[Stored items from a collection]
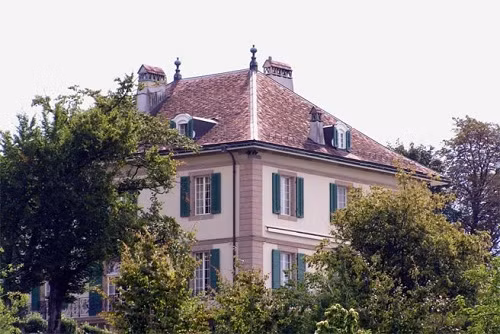 Rất nhiều gia đình ở đại lộ Chemin de Ruth, Geneva có bể bơi, vườn giữa khung cảnh thiên nhiên tuyệt đẹp. Giá đất hiện nay là 37.000 USD/m2.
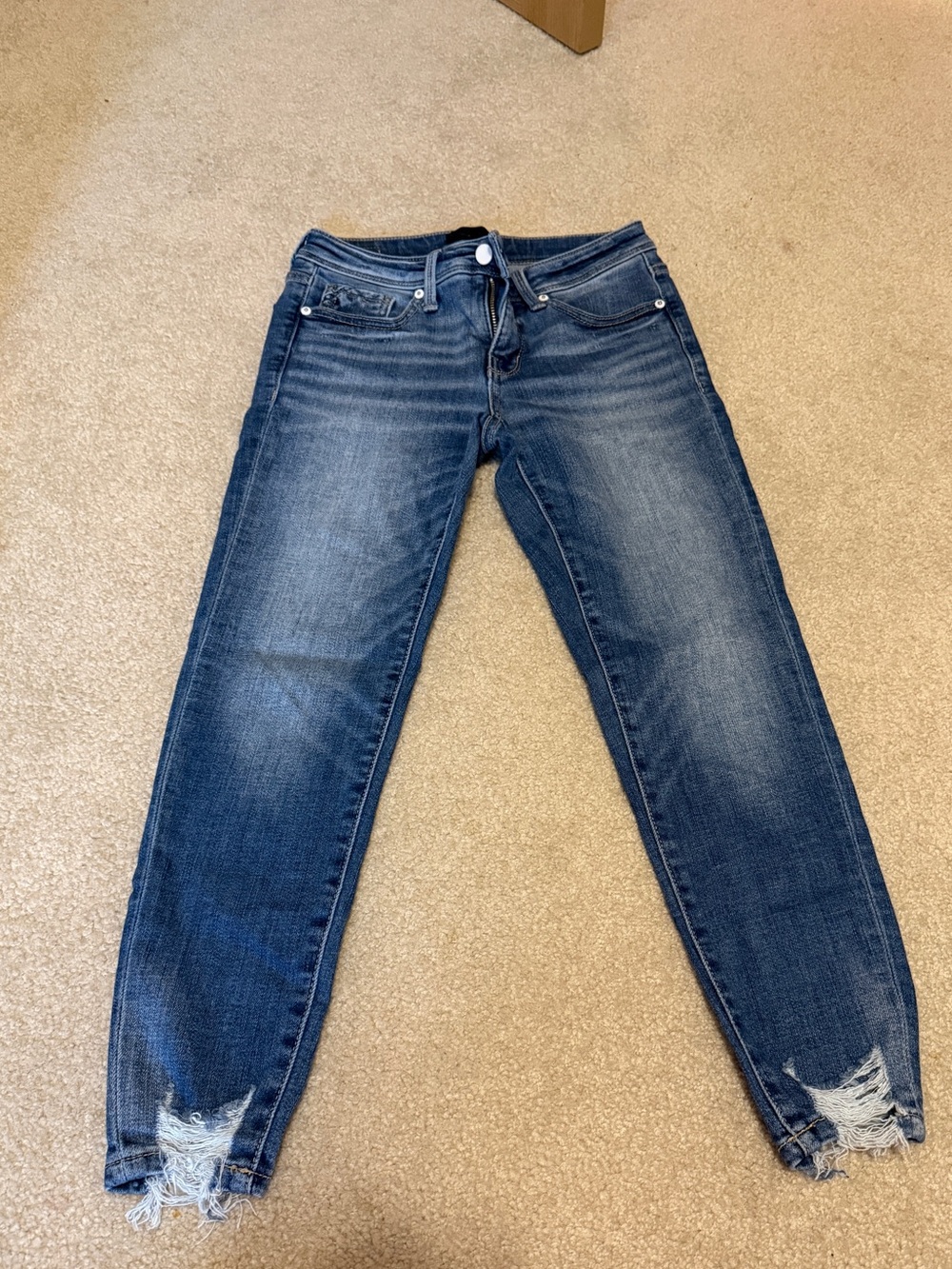 Buckle Black dark wash ankle skinny jeans size 25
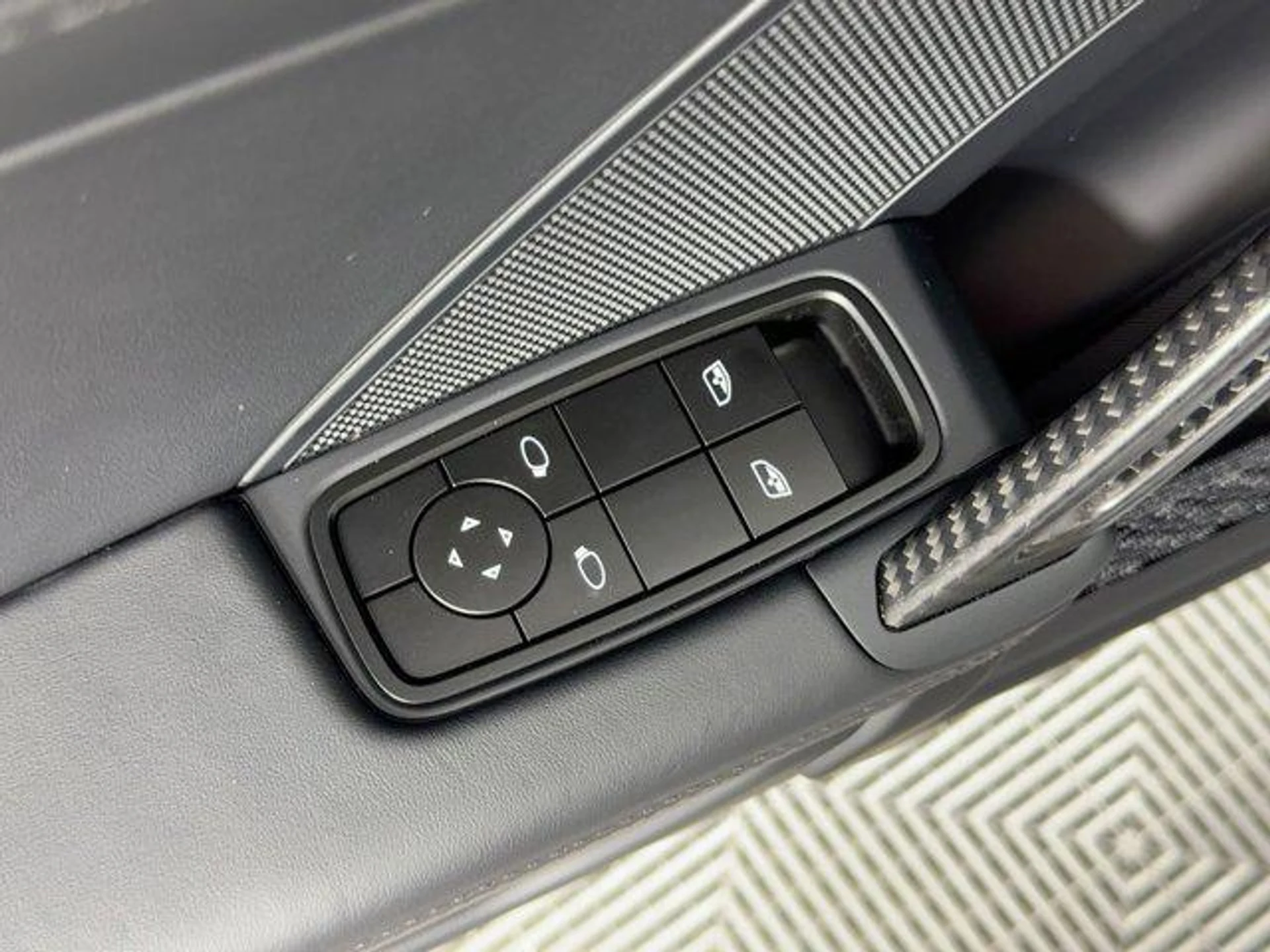 mph012_1112633827_24_OS_Nzy_R_Nxbc_KV_Qu2_Nao91sh_IQ_3320c83946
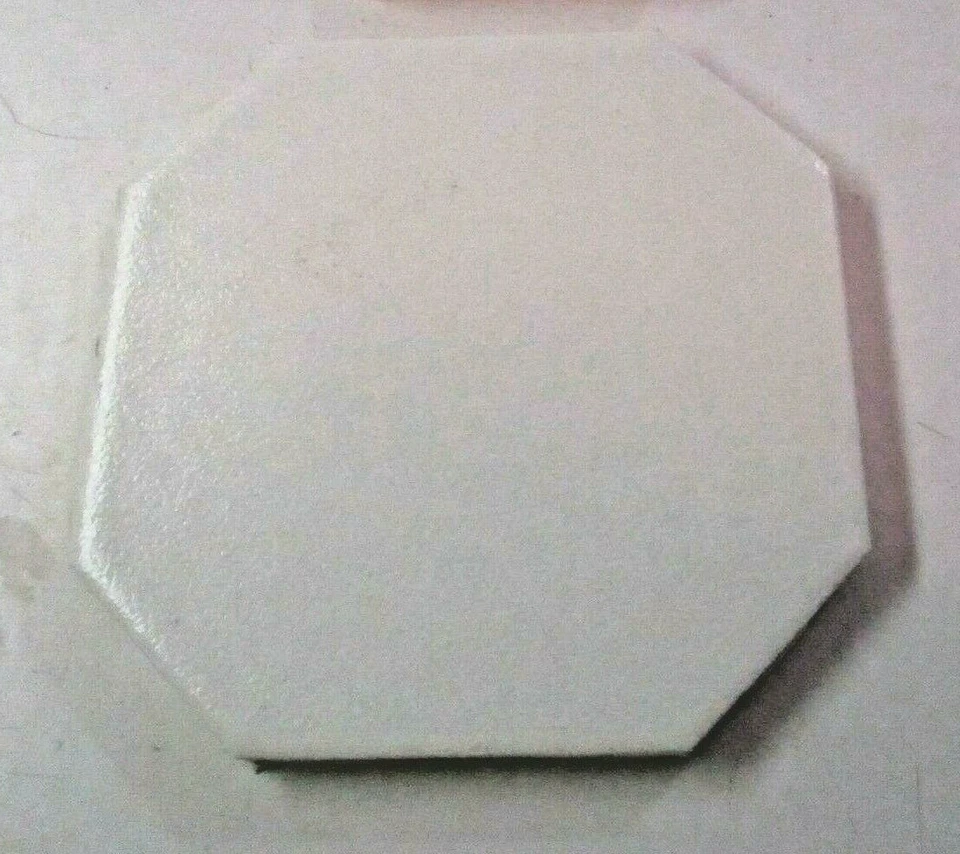 1 azulejo Olean AO EE. UU. 4-1/4 octágono 1970 cristalino brillo piso de cerámica blanco roto Foto 1 de 4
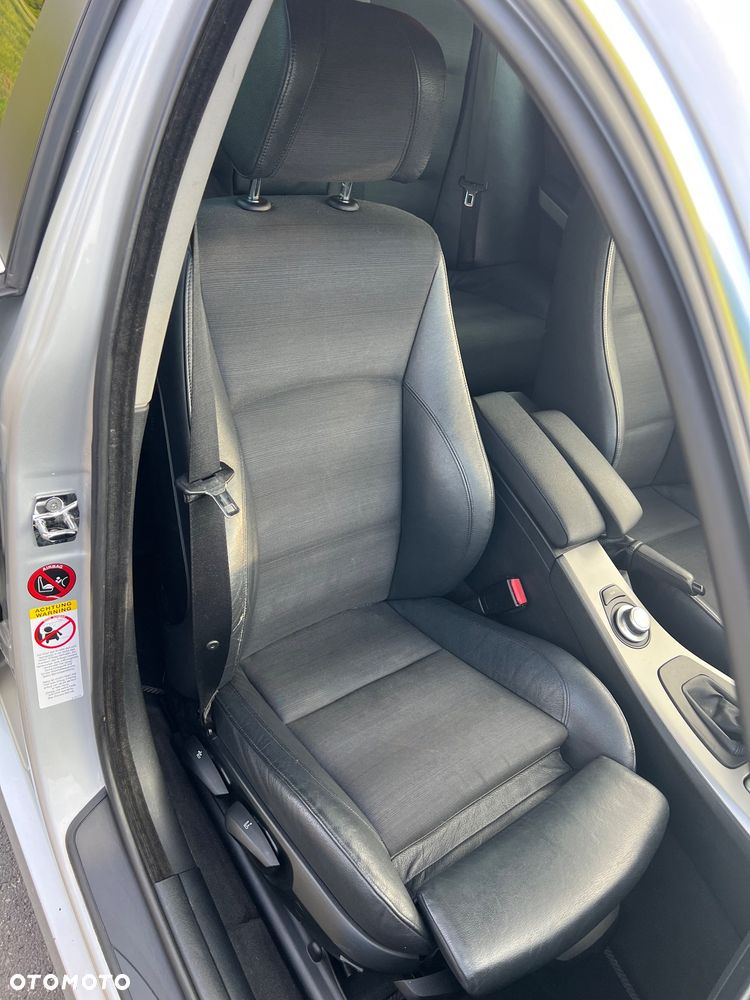 BMW Seria 3 325xi - 15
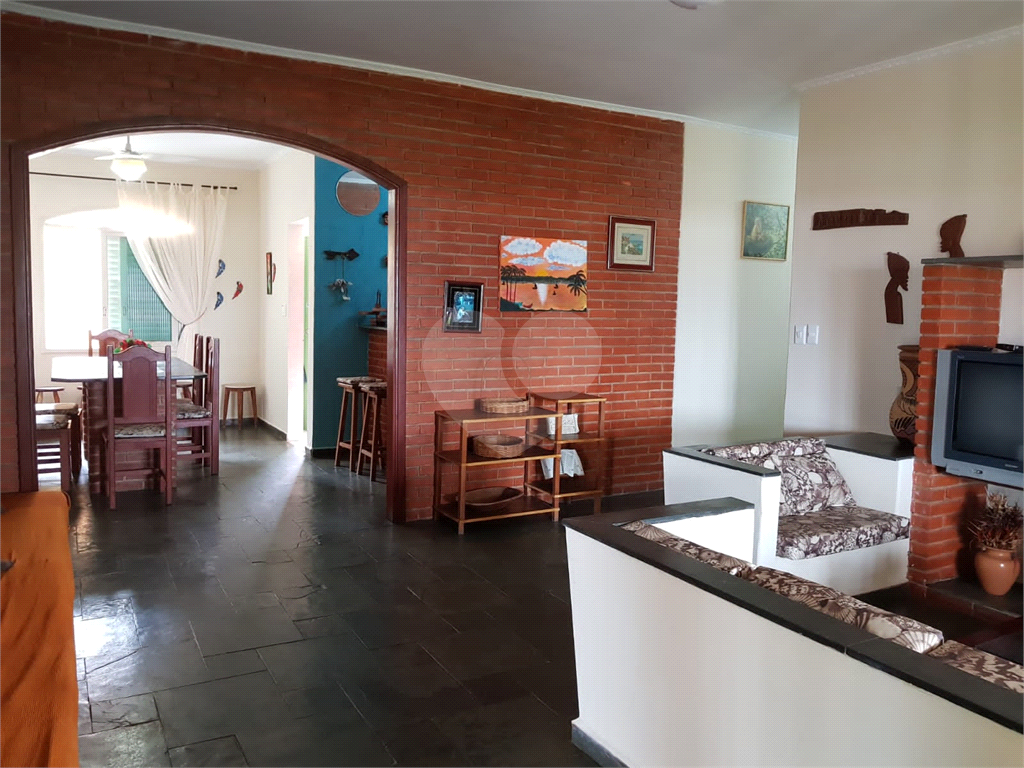 CASA ALTO PADRÃO EM MONGAGUÁ PÉ NA AREIA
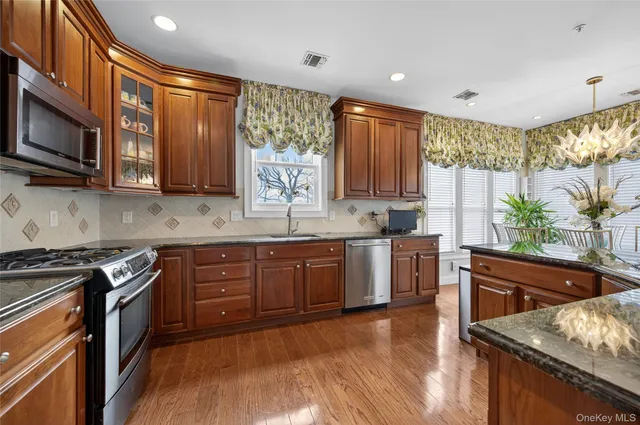 $898,000 | 556 Pacing Way, Unit 556, Westbury, NY 11590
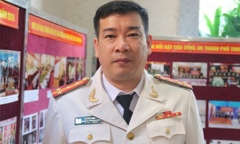 Cựu đại tá Phùng Anh Lê chuẩn bị hầu tòa vì cáo buộc nhận hối lộ, thả nghi phạm cướp tài sản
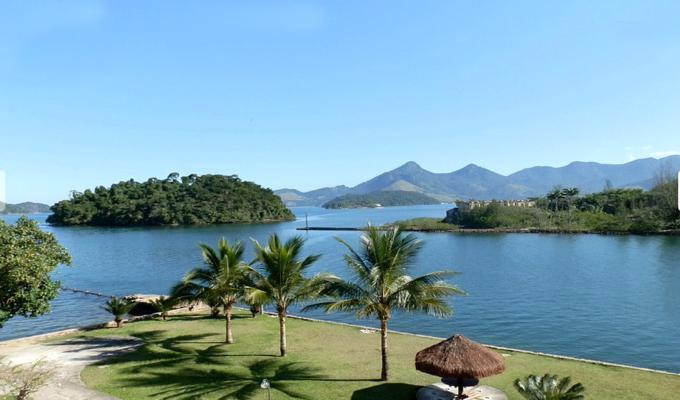 Bracuhy Beach-安格拉杜斯雷斯必去景点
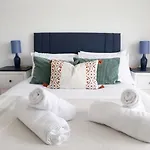Holiday home Totterdown's Fabulous House & Floral Garden Bristol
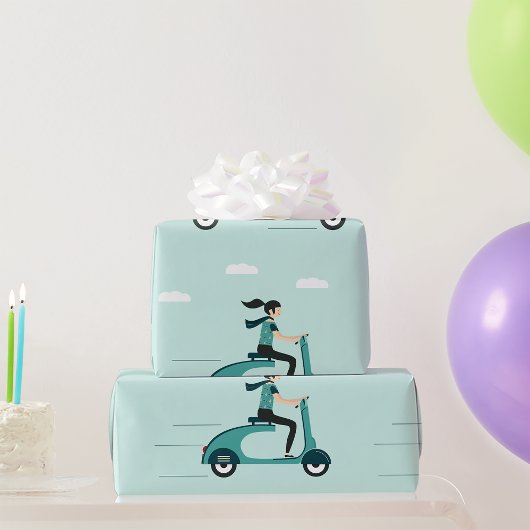 Papier Cadeau Une Femme Sur Un Papier À Envelopper De Scooter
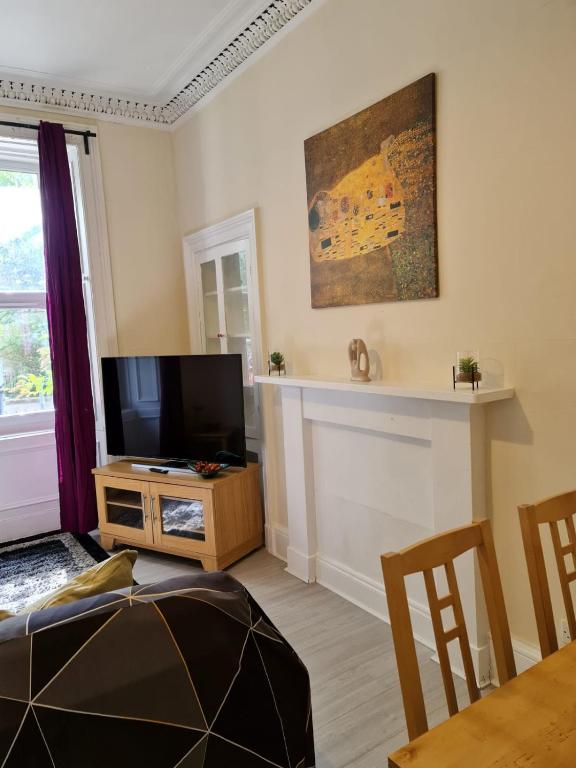 Apex Cathcart Place Apartment, Edinburgh (updated prices 2024)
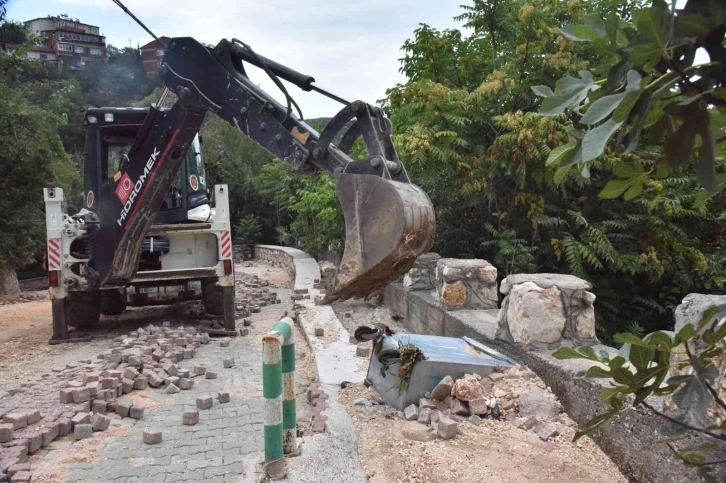 Şeyh Edebali Türbesi’ne giden yol araç trafiğine kapatılıyor
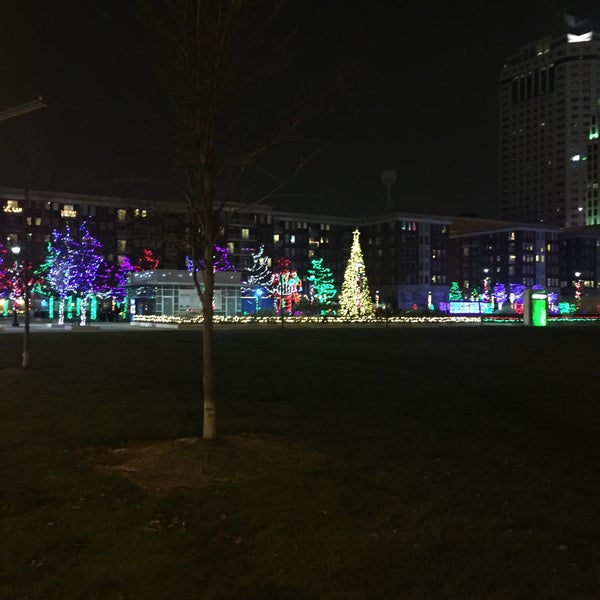 Photo taken at Columbus Commons by Tahrea M. on 12/11/2016
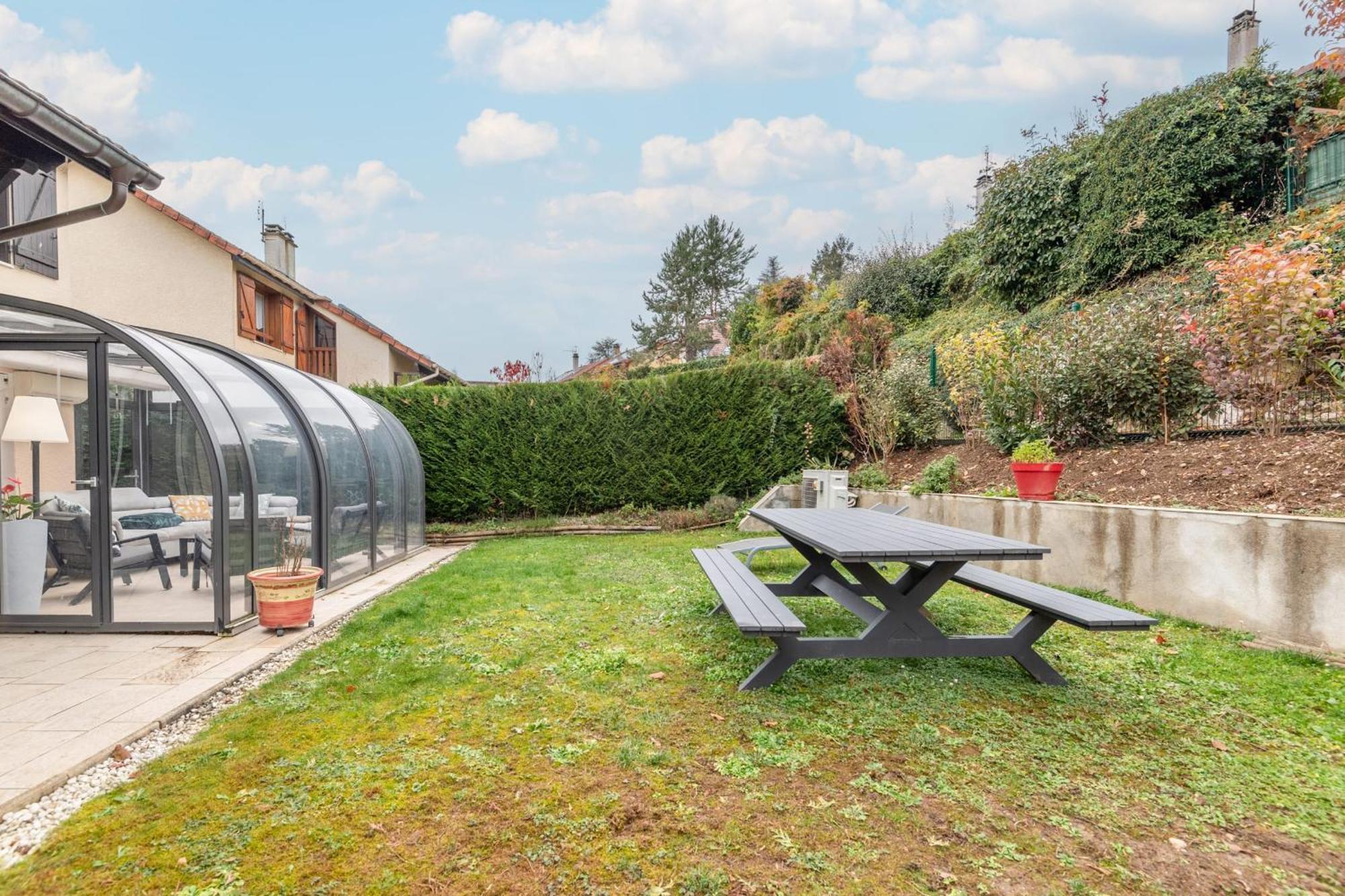 Alpiloc - Town House With Garden And Winter Lounge Annecy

**Try it**
Print only the lines from the line that contains "Westbury, NY 11590" to the final line of the data, inclusive. Pictures stay out.

**Answer section**
 $898,000 | 556 Pacing Way, Unit 556, Westbury, NY 11590
 Cựu đại tá Phùng Anh Lê chuẩn bị hầu tòa vì cáo buộc nhận hối lộ, thả nghi phạm cướp tài sản
 Bracuhy Beach-安格拉杜斯雷斯必去景点
Holiday home Totterdown's Fabulous House & Floral Garden Bristol
 Papier Cadeau Une Femme Sur Un Papier À Envelopper De Scooter
 Apex Cathcart Place Apartment, Edinburgh (updated prices 2024)
 Şeyh Edebali Türbesi’ne giden yol araç trafiğine kapatılıyor
 Photo taken at Columbus Commons by Tahrea M. on 12/11/2016
 Alpiloc - Town House With Garden And Winter Lounge Annecy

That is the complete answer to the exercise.